この事件は、明治政府が出した一連の通達である神仏分離令を発端として全国各地で同時多発的に起こりました。
ただし、それぞれの騒動を主導した人物も起きた経緯や出来事も全国各地で様々と、非常に複雑で総じて言うことが難しい事件です。
なので今回は結果だけ言うと、これによって神様と仏様が混じり合う神仏習合から、神道と仏教とより明確に分かれた今現在の形になりました。
そして、その影響が今でも各地で見られ、滋賀においてもやはり見つけることが出来るのです。
例えば日吉大社と延暦寺は極めて苛烈な仏教排斥がなされた場所で、廃仏毀釈が最初に起きた場所としても知られています。
これにより延暦寺では多くの仏像や仏典などが焼かれ、日吉大社でも神輿の鏡に刻まれた仏教的な名前が削られるなど徹底して仏教色を排除したのです。

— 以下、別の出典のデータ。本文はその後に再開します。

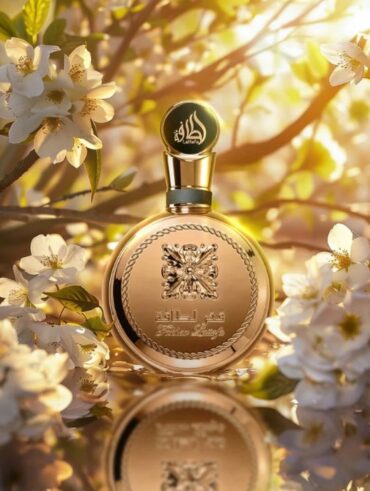 Perfume árabe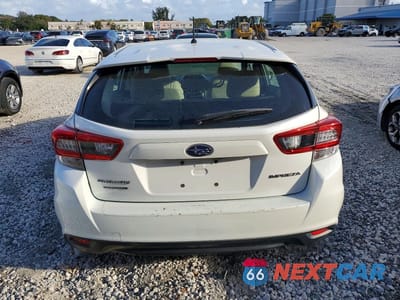 Zdjęcie 6 z 12 samochodu: 2022 SUBARU IMPREZA VIN:4S3GTAA64N1719865 - miniatura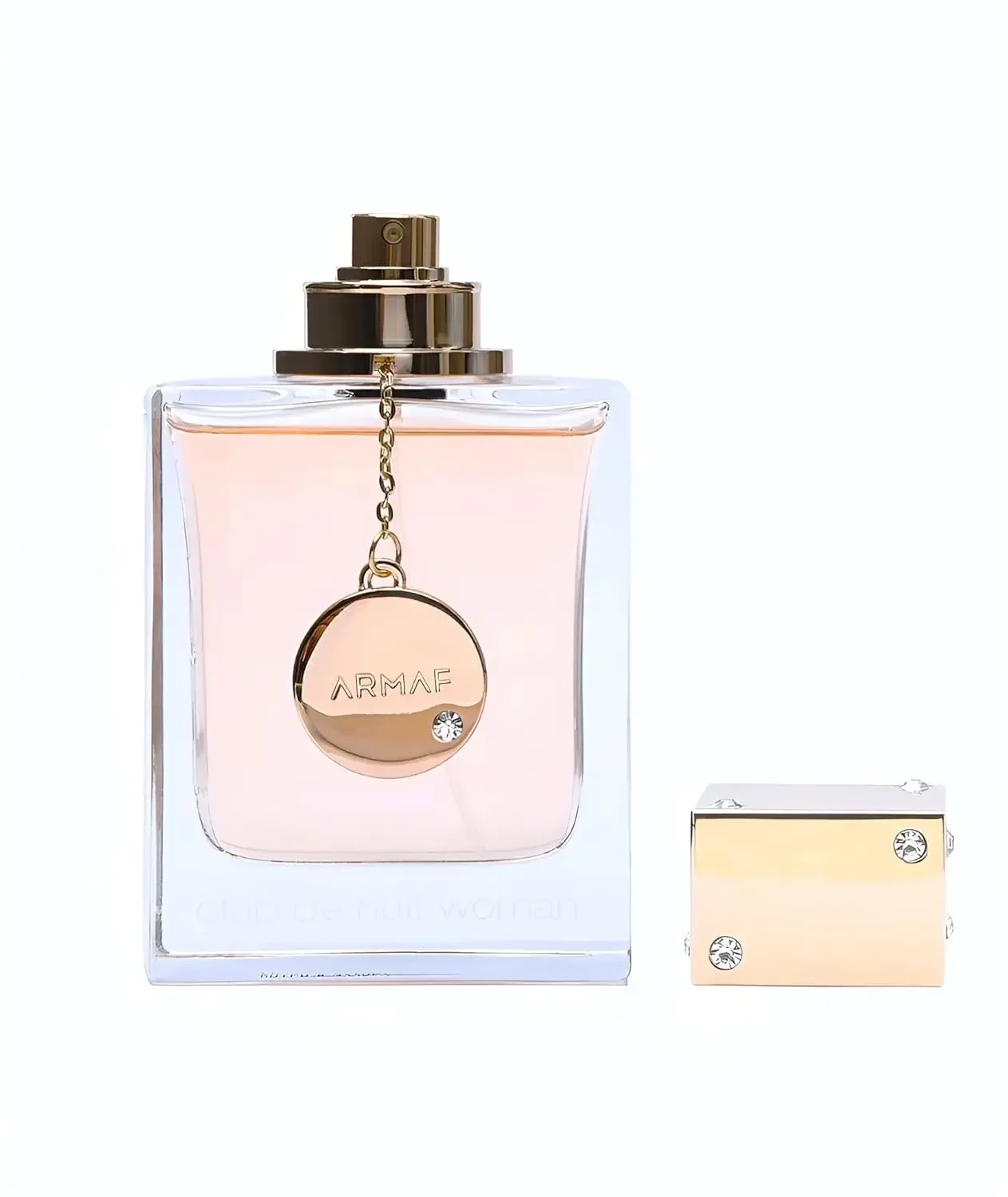 Armaf Club De Nuit EDP 100ML u - Perfume Fragrance Kit ulasan dan harga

こうした破壊活動が行われる一方で、仏像達を守る動きもありました。
その1つが多賀大社で、確かに境内に多くあった仏教に関する建築物が失われるなどしましたが、仏像の一部は周辺の寺院に移され生き残っています。
また、鐘楼が境内に今もありますがこれは大きすぎて引き取り手がつかなかったからだそうです。
この様に廃仏毀釈と言っても、その内実は滋賀県内だけでも様々に異なります。
今回上げた日吉大社と延暦寺、多賀大社の事例も実の所ほんの一部分にすぎません。
知れば知る程に様々な面が見えてくる、それ故に廃仏毀釈は非常に理解が難しいのです。
そもそも、記録が余り残されていなかったりもします。
そのため、こうした最早断裂と呼ぶべき変化があったことを知っておくことが重要です。
今ある風景がそのまま昔につながるのではなく、もしかしたら大きな違いがあるのかもしれない。
そう頭に止めておけば、見逃さず気づけることが増えるのではと思うのです。